A ratty old car might actually be a financial badge of honor.
Actually, Theresa once said it was one of the things that attracted her to me. She took it as a sign that our basic values were in sync. Buckworks has been shopping with her in Vegas and knows this well. Given my wife, my family, my friends, my in-laws, I'm reasonably inoculated against affluenza.
But the forces arrayed against you are powerful and sophisticated. Many people are not inoculated. Maybe they grew up poor and were always made to feel like less of a person, so they dreamed of being able to drive a nice car.
Then you take this massive, sophisticated sales and marketing machine and point it at them with both barrels. The car salesman doesn't ask "How much can you afford?" He almost always asks, "What kind of monthly payment are you looking for?" He's thrilled to set you up with eight years of financing. He's going to try every trick to hide the true cost. He's going to play to your fears, your insecurities, your vanity.

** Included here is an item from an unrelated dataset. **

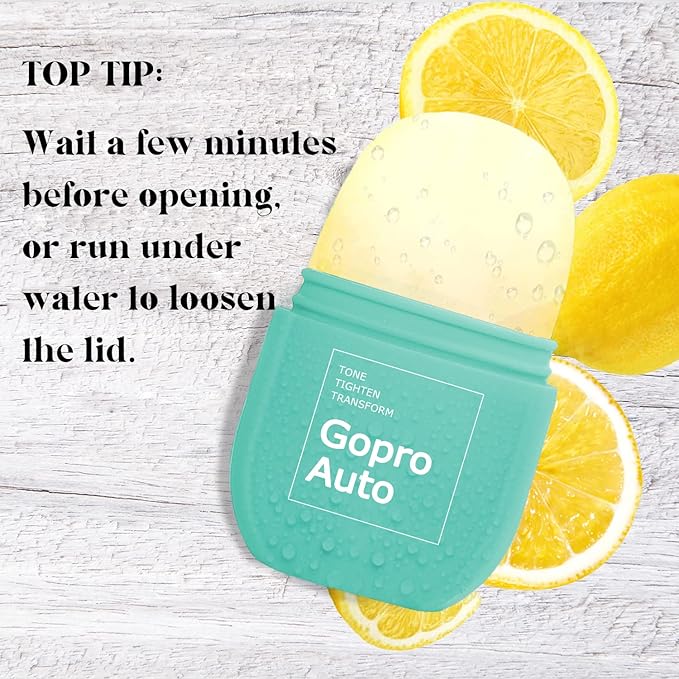 Cube Ice Roller for Face, Ice Facial Roller for Eyes Neck Naturally Tone and Tighten Skin, De-puff Eye Bags, Add a Healthy Glow Cryotherapy Enhance Skin Elasticity (sky blue)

I understand why they are not able to resist. They lack the mental, financial and emotional tools. They lack a friend like Buckworks whispering in their ear. They are outgunned. And voilą! 1.1 trillion dollars in auto debt. Sad, but not hard for me to understand and empathize with.
At his old company, my brother used to run a workshop where he started by having people go through a magazine and estimate the percentage of space devoted to ads. Then he asked people to answer one question: "What is the kind of person these ads are telling you to be?"
They would discuss that for a while, and then he would ask a second question: "Is that the kind of person you WANT to be?" Just that one exercise was a powerful, life-changing tool for some people.